I've changed how the figure will be mounted. I've straightened out the curve at the bottom and cut off most of its length. What's left of the bare vertical wire is stuck into a piece of Super Sculpey, with some Super Sculpey wrapped around the bottom of the piece. This way the piece will start out straight when forming the snow around the base. I won't have to dink around with the clay that will form the snow, trying to get the piece to be straight up and down.

5 The piece is ready for curing in the oven. I've formed a base of "snow" around the body. She is a winter goddess after all, and I wanted a strong association with snow.
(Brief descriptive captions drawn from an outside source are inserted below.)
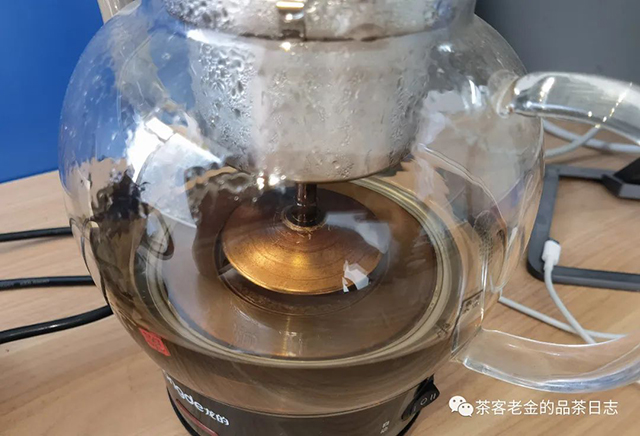 孙德忠曼松普洱茶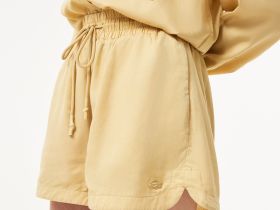 Женские лёгкие шорты Lacoste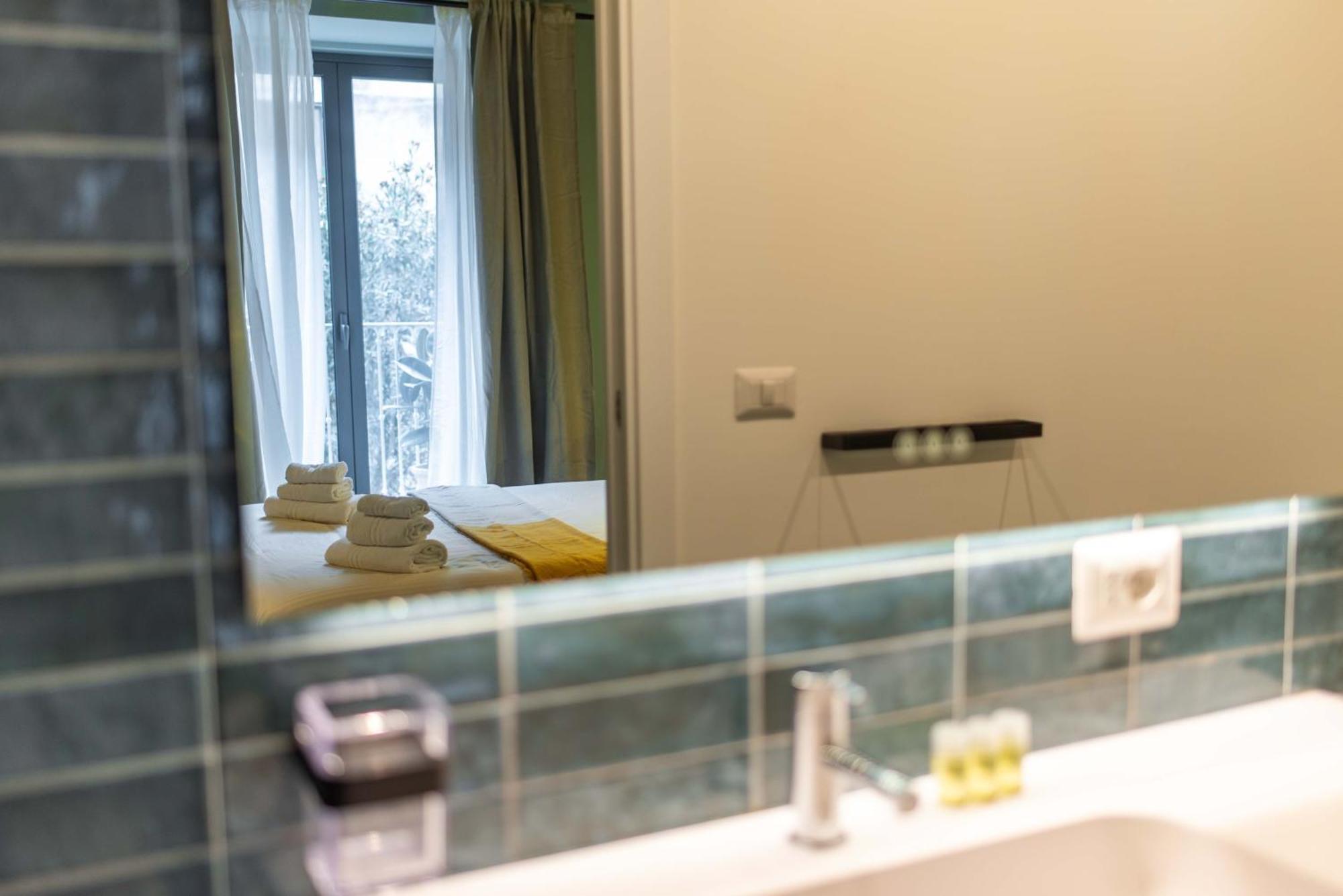 Opera Boutique Bed & Breakfast คาตาเนีย ภายนอก รูปภาพ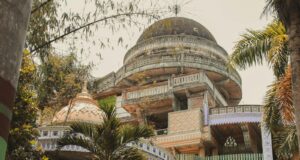 Jelajahi Kedamaian dan Spiritualitas di Bulan Ramadhan dengan Menjelajahi Keindahan Budaya Indonesia Jelajahi Kedamaian dan Spiritualitas di Bulan Ramadhan - Masjid Tiban (Seribu Pintu) Malang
The facial features have been put in, and the body has been cut extensively with a dull blade to simulate fur.



I made a very long hair braid. I decided to wrap it loosely around the shoulders instead of tightly around the neck and lower head. I don't want the face to be covered up at all.

6 The paint job is done, and the figurine is complete. I had figured to follow Kveldulf Gundarsson's description of Skadhi and make the hair black. However, I got a very strong intuition to color the hair with my rune formula; honey, red oxide paint, and my blood. I was originally going to color the bow with the formula, as I've done with Ullr's bow, Tyr's spear, and Frigga's distaff and spindle. I always put my rune formula on some part of my figurines and/or on their implements. I find it best, however, to trust my instincts. So she has hair that looks like sticky coagulated blood. So okay. She IS a figure of wrath and vengeance after all.



I give you Skadhi. That wasn't so tough, now was it?


Happy sculpting.
Patrick T. Ryan

Bio: Patrick Ryan lives in Denver, Colorado. With occasional past dabbling in amateur art, Pat quickly began to sculpt images of the Aesir and Vanir soon after going onto the Northern Path. Pat practices runic divination and magic. He also engages in amateur editing and publishing.